Let $\mathcal{T}$ be the given topology on $X$. And let $\mathcal{T}_\alpha$ be the corresponding subspace topology on $K_\alpha$.

Let $K=\bigcap_{\alpha\in A} K_\alpha$ and let $\mathcal{T}_K$ be its subspace topology.

First of all we note that $K$ is closed since it is an intersection of closed sets.

Now, pick any family of closed sets $F:=\{F_\beta\}_{\beta\in B}$ of $K$ such that it has the finite intersection property.
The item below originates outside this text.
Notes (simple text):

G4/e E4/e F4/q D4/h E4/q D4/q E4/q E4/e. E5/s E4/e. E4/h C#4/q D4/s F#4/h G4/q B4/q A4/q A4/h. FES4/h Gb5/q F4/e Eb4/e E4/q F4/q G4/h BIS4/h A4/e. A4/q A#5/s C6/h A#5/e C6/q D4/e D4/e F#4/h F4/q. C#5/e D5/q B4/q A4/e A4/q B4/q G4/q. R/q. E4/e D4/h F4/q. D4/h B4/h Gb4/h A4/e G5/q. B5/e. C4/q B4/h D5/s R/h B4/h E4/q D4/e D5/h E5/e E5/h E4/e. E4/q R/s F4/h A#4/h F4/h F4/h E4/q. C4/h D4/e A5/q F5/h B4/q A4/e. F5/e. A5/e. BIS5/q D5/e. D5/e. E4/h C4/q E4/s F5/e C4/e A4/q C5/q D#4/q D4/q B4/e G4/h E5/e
We want to show that $\bigcap F\neq\emptyset$.

For each $\beta\in B$, since $F_\beta$ is closed in $K$, $K\setminus F_\beta$ is open in $K$, and hence by the definition of the subspace topology on $K$, $F_\beta=K\setminus(U_i\cap K)=(K\setminus U_i)\cup(K\setminus K)=K\setminus U_i$ for some $U_i\in\mathcal{T}$.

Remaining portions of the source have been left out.